Sales in the second quarter were $242 million, down by $13 million or 5% versus prior quarter and down by $4 million or 2% versus prior year. All this excludes exchange rate impacts. The book-to-bill ratio in the second quarter was 0.88 after 0.92 in prior quarter. Backlog remained at 4.8 months, which is still very high.

Gross margin reduced to 29% of sales after 33% in prior quarter, mainly due to lower volume and some temporary inefficiencies in manufacturing caused by the adaptation to lower outputs. Inventory turns in the second quarter remained at a good level of 4.3. There’s virtually price stability for this product line, minus 0.4% versus prior quarter and stable prices vis-à-vis prior year.

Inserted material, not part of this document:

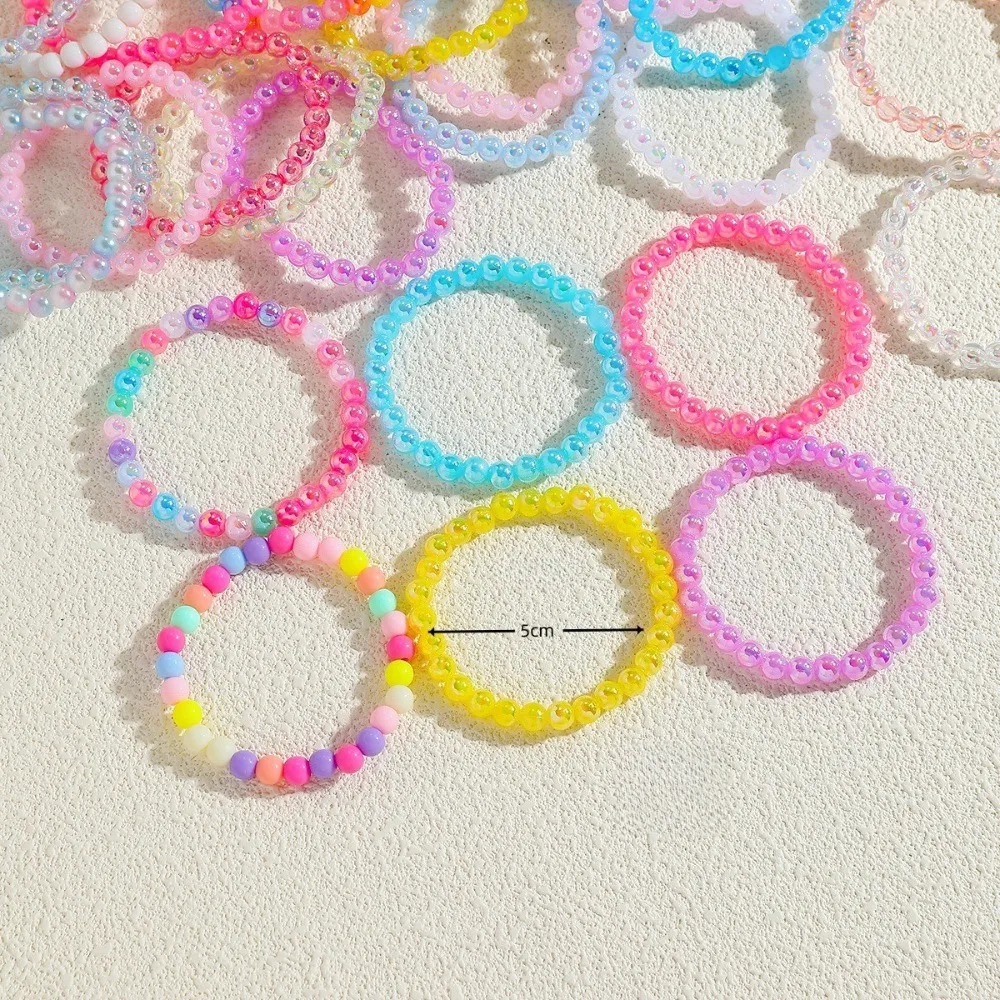 10-100Pcs Colorful Beaded Bracelet Birthday Party Favors Pinata Gift Bag Filler Back To School Christmas Wedding Guest Gifts view 4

We have slowed down the expansion of manufacturing capacities for MELFs and thin film resistor chips.

Coming to capacitors, our business with capacitors is based on a broad range of technologies with a strong position in American and European market niches. We enjoy increasing opportunities in the fields of power transmission and of e-cars. Sales in the second quarter were $111 million, 6% below prior quarter, but 2% above prior year, again without exchange rate effects. Book-to-bill ratio was 0.68 in Q2 after 0.67 in the previous quarter.

In particular, commodity, tantalum capacitors continued to experience a phase of backlog normalization and of inventory reduction in the supply chain. The backlog reduced further to a still very high level of 4.5 months. Gross margin in the quarter was at a satisfactory level of 24% of sales after 25% in prior quarter.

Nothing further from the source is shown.